Aus den Feuilletons

Ein Blick ins Getriebe der Politik

Kalt und unberechenbar: Die Lobbyistin Elizabeth Sloane (Jessica Chastain) im Film "Die Erfindung der Wahrheit"
Kalt und unberechenbar: Die Lobbyistin Elizabeth Sloane (Jessica Chastain) im Film "Die Erfindung der Wahrheit". © imago/Cinema Publishers Collection/Kerry Hayes
Von Klaus Pokatzky · 04.07.2017
"In Europa sind viele heimlich vom US-Politiksystem und seinem Zerfall fasziniert", sagt der Regisseur John Madden im Interview mit dem "Tagesspiegel". Sein Film "Die Erfindung der Wahrheit" über Politik und Korruption in den USA kommt nun ins Kino.
"Der Kosmos ist einfacher, als wir denken."
Das erfahren wir aus der NEUEN ZÜRCHER ZEITUNG und fassen dann doch erst mal Mut.
"Die Lebensformen auf der Erde sind hochkomplex."
Das unterscheidet uns eben von den unendlichen Weiten des Weltraums.
"Je älter ich werde, desto pessimistischer werde ich",
sagt im Interview mit der Tageszeitung DIE WELT der Fotograf Steve Schapiro, der die Bürgerrechtsbewegung der USA dokumentiert hat.
"Es gibt eine Rückkehr zu Selbstbezogenheit und Nationalismus",
erklärt im Interview mit dem Berliner TAGESSPIEGEL der Regisseur John Madden.
"Wir leben in einer Zeit, in der es keinen Respekt mehr vor dem politischen Diskurs gibt."
Anlass des Interviews ist John Maddens Film über Politik und Korruption in den USA "Die Erfindung der Wahrheit", der am Donnerstag in die Kinos kommt.
"Es ist nicht leicht, heute einen Film über das Wesen der Politik zu machen", meint John Madden: "Es gibt einen hohen Grad von Angewidertsein gegenüber der Politik, was wir dringend überwinden müssen. Und in Europa sind viele heimlich vom US-Politiksystem und seinem Zerfall fasziniert. Es ist, als würde man einem dramatischen Autounfall zuschauen. Wir leben in einer Zeit der Demagogie."
Und damit sind wir dann natürlich mal wieder bei ihm.
"Er twittert und twittert", lesen wir in der FRANKFURTER ALLGEMEINEN ZEITUNG, "und macht aus einer Arbeitslosenquote von 4,5 Prozent 45 Prozent – weil er alle Amerikaner zählt, die keiner Erwerbsarbeit nachgehen, vom Kleinkind bis zum Rentner".
Michael Hanfeld hat amerikanische Journalisten besucht – etwa Glenn Kessler, den Fakten-Checker der "Washington Post", der Falschdarstellungen vor allem von Politikern aufspürt.
"Im Schnitt, sagt der ehemalige Korrespondent, kämen Politiker auf fünfzehn Prozent falscher Angaben bei allem, was sie sagten. Donald Trump liege bei 65 Prozent. Der Lügenberg sei 'gewaltig'."

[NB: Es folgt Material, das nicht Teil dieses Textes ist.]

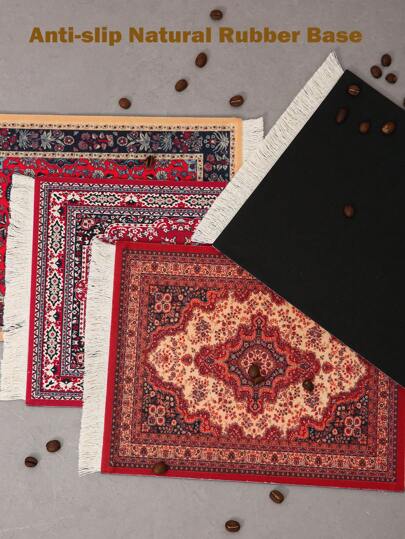 SHEIN سجادة واحدة لوضع الأكواب والأطباق، وسادة القهوة، حامل الكوب، وسادة الشراب، سجادة تجفيف الأطباق، وسادة الطاولة، لوح المائدة، وسادة الفأرة، وسادة مقاومة للحرارة وغير زلقة، وسادة الطاولة المكتبية القابلة للتحريك، لوازم مدرسية هدية عيد الميلاد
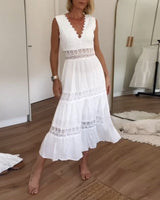 Stella™ - Bequemes V-Ausschnitt Spitzen-Topkleid – Weiß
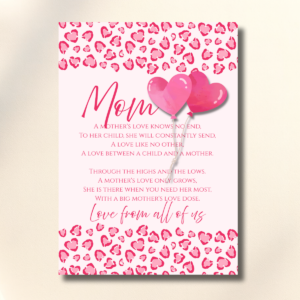 Mother’s Day Heart-Shaped Leopard Print Poem Canva Folded Greeting Card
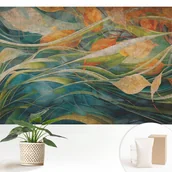 Tapety - Tapeta z flizeliny elegancka dekoracja ściany stylowa nowoczesny motyw wysoka jakość - Naturalne liście na wodzie - 152x104 - miniaturka - grafika 1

Kalifornien: Wunsch nach Gründung einer Republik

Die SÜDDEUTSCHE ZEITUNG scheint uns wieder aufzurichten und blickt auf Kalifornien.
"Einer Abstimmung der Universität Berkeley zufolge befürworten 32 Prozent der Kalifornier eine Ausgliederung aus den Vereinigten Staaten von Amerika, die Gründung einer eigenständigen Republik und die Eingliederung in die Vereinten Nationen", schreibt Jürgen Schmieder. "Kalifornien ist mit einem Bruttoinlandsprodukt von 2,46 Billionen Dollar die sechstgrößte Volkswirtschaft der Welt, noch vor Frankreich, Russland oder Indien."
Die Ernüchterung folgt auf dem Fuße:
"Wer sich mit amerikanischer Gesetzgebung und Bürokratie beschäftigt, weiß allerdings: Die Ausgliederung eines Bundesstaates ist praktisch unmöglich."
Doch die Präsidenten kommen und gehen.
"In der Welt wechselten neun US-Präsidenten – Volker Ludwig fing mit Nixon an und hört mit Trump auf."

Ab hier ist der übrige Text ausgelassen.